What you may not be able to read too well on the invoice above since it was resized and compressed is the following, “Intracommunity supply of goods according to Article 138 of Council Directive 2006/112/EC”.

Although outside the EU, as Stadler Bussnang AG is a company based in Switzerland it is considered to be part of the European Single Market as Merseytravel is based in the UK (within the EU) which is also part of the European Single Market.

However if the UK left the EU before either all 52 class 777 trains were paid for or received in the UK, it is possible that the original approximately £273 million price of the trains would increase due to tariffs imposed by the UK and/or Swiss governments. VAT wouldn’t be charged, but the level of tariffs (if any) remain unknown.

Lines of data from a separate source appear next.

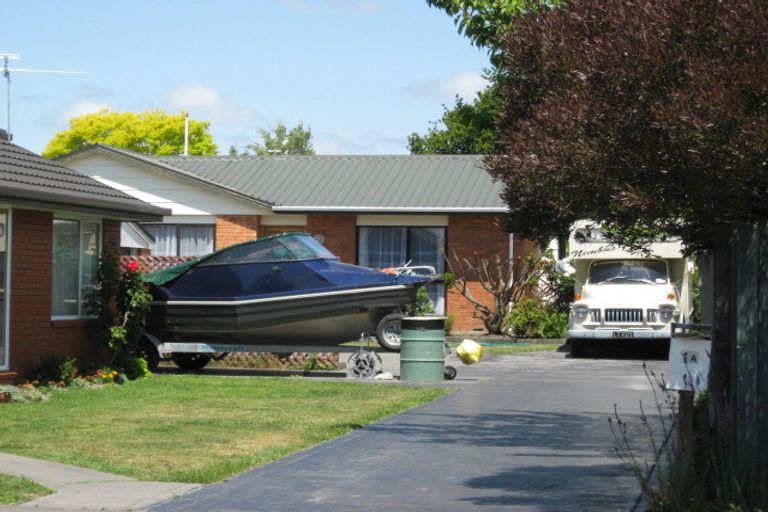 Photo of property in 1a Kyeburn Place, Avonhead, Christchurch, 8042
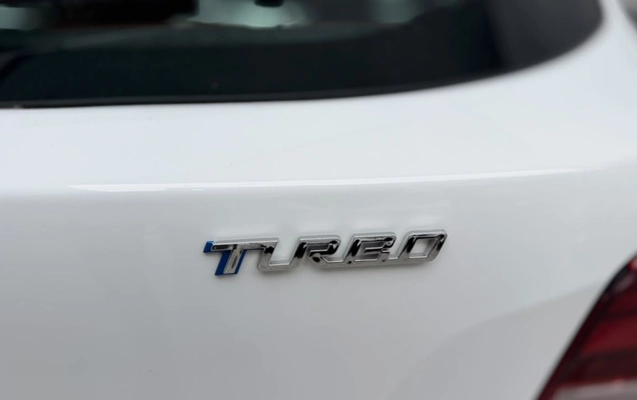 imagem-https://www.socarrao.com.br/sc-vehicle-images-prod/4291542/1791314921902-oN8YpJNCtolIvohoISmMtgWDli6GqGx9.jpg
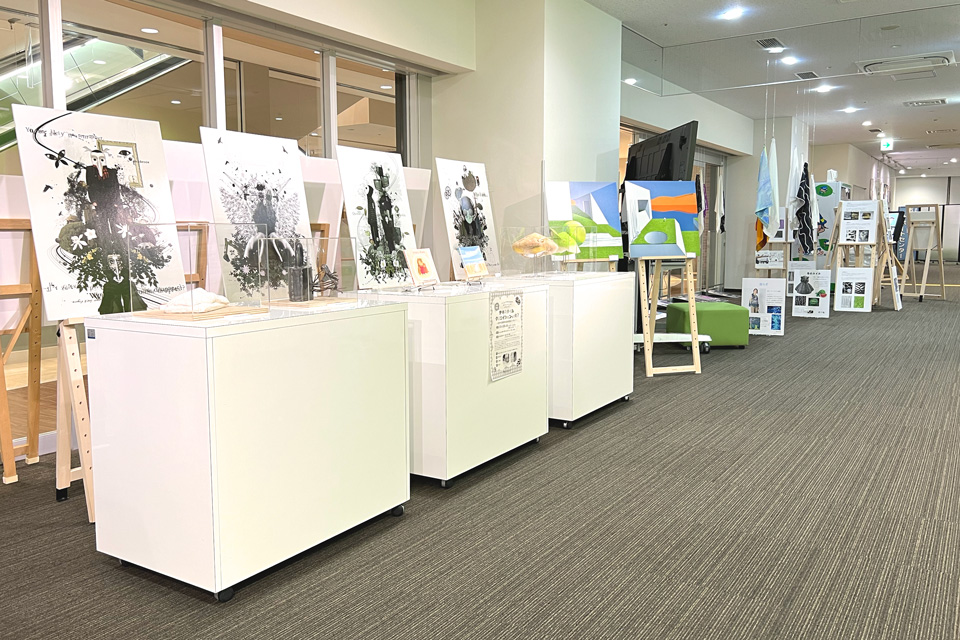 三菱ケミカル × 横浜美術大学 テキスタイル素材「ソアロン」を使ったクリエイションによる研究実験発表会 イメージ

The RMT (Rail and Maritime Union) have announced a series of six 24-hour strikes. The reason for the strikes relates to the introduction of the new class 777 trains expected to enter service starting in 2020. The decision to buy the new trains was agreed by the Liverpool City Combined Authority on 16th December 2016 and a contract between Merseytravel and Stadler Bussnang AG was signed in February 2017. The strike is about how this impacts the future positions and role of the guard. Talks between the RMT and Merseyrail (facilitated by ACAS) have broken down.

Strike dates that have been announced will (unless called off) happen on Saturday 24 August 2019, Tuesday 3 September 2019, Thursday 5 September 2019, Monday 30 September 2019, Wednesday 2 October 2019 and Friday 4 October 2019.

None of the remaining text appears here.